Samaggi Samagom ("Samaggi"), The Thai Association in the UK, was established in 1901 by King Rama VI of Thailand.[1] Samaggi Samagom is Thailand's only student association under royal patronage. It adheres to its original purpose as a locus for Thai students, roughly 10,000 in the UK, to connect with one another. The Thai Embassy in London and its Office of Educational Affairs (OEA) has a large presence in the association's activities, with embassy representatives, and sometimes the ambassadors themselves, attending Samaggi Samagom events. The close working relationship is reflected in a Samaggi office located inside the OEA, but mostly by embassy funding of Samaggi's academic events. Details of each event, the aim and budget, must be submitted to the embassy and OEA for prior approval.Samaggi Samagom organises many events for the Thai community in the UK, including Samaggi Karaoke Night, Samaggi Bowling Competition, and seminars. The major events organised by Samaggi Samagom are the Samaggi Games and Samaggi Night, a concert. The association’s recreational events, such as its annual concert and sports day, are funded by Thai companies.

Samaggi Games

Samaggi Samagom's biggest event is the annual Samaggi Games.[2] This is a sports day that involves several thousands of people, and is well attended by most Thai students as well as Thai expatriate workers in the UK. Many Thai companies use this opportunity to advertise their respective firms. The firms range from PTTto small Thai restaurants in the UK wishing to reach a broader market.[3] Samaggi Games is open to all Thai students in the UK and hosts more than 1,000 Thai students from around the UK who come to play and support the games.
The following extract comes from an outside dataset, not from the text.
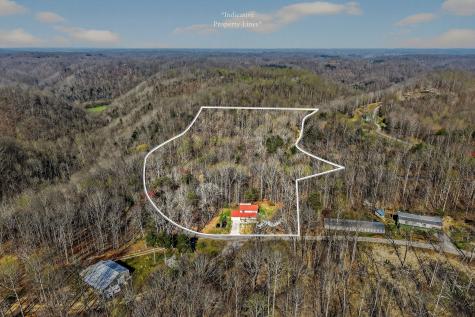 120 Red Bud Lane Hilham TN 38568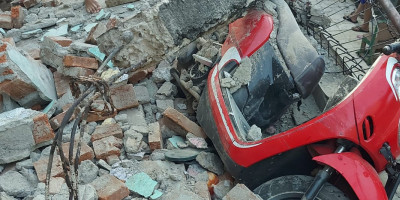 Tembok Pagar SDN 01/02 Jatinegara Roboh, Dua Orang Warga Jadi Korban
Sports such as football, basketball, tennis, badminton, table tennis, squash, chair ball, and traditional Thai games such as Thai chess are contested.

Samaggi seminars

Seminars held by Samaggi in 2007 included the "Happiness Index", a talk by researcher Khun Nattavudh Powdthavee on the measurement of happiness; a talk by Gordon Bennett from Amnesty International on the death penalty; and a seminar on the future of Thailand's 18th constitution, which was being drafted at the time, led by Peter Leyland, a professor of public law at SOAS, University of London, and London Metropolitan University.